[ASSIGNMENT]: All pictures are to be omitted while the lines starting at the line with "Once, twice, and" and ending at the line with "So this is something" in the material below are retyped exactly, both ends included.

[DATA FOR REVIEW]:
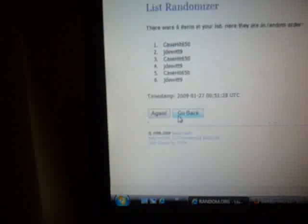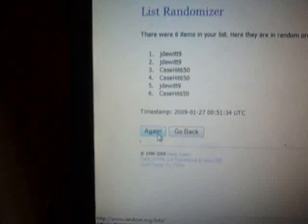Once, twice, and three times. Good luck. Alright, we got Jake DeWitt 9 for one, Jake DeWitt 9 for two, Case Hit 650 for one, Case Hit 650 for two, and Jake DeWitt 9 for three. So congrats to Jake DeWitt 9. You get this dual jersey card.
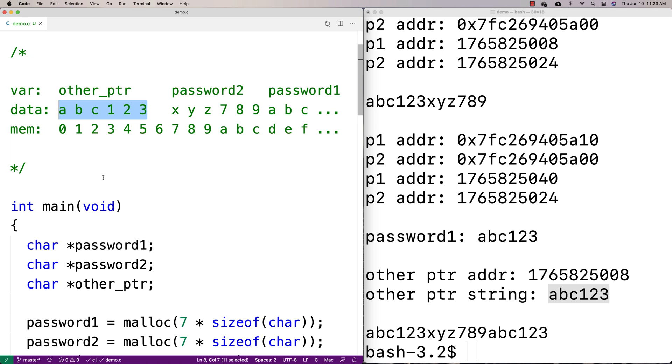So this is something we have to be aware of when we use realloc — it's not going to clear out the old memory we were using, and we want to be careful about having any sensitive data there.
...
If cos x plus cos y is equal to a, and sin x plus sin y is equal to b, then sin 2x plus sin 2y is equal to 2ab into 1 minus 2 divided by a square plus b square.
---
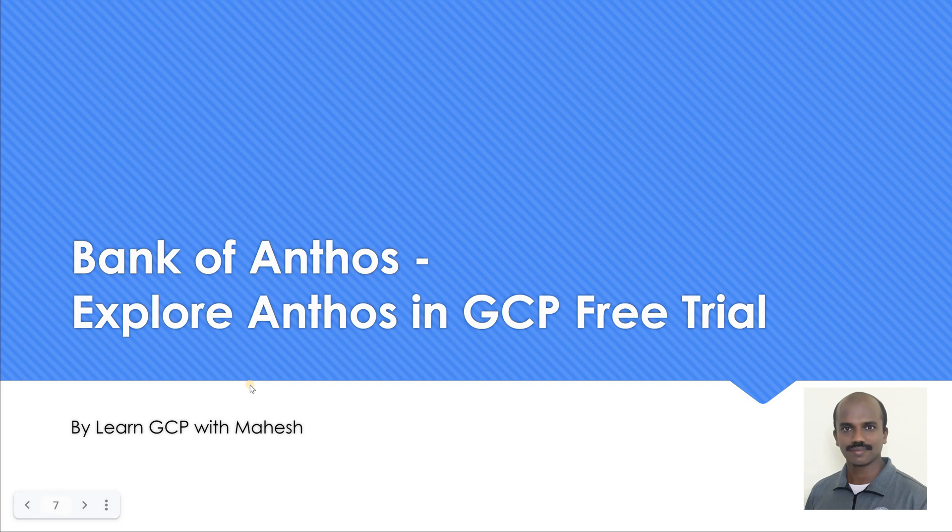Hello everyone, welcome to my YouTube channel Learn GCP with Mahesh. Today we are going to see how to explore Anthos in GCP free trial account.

[SOLUTION FOR THIS TASK]:
Once, twice, and three times. Good luck. Alright, we got Jake DeWitt 9 for one, Jake DeWitt 9 for two, Case Hit 650 for one, Case Hit 650 for two, and Jake DeWitt 9 for three. So congrats to Jake DeWitt 9. You get this dual jersey card.
So this is something we have to be aware of when we use realloc — it's not going to clear out the old memory we were using, and we want to be careful about having any sensitive data there.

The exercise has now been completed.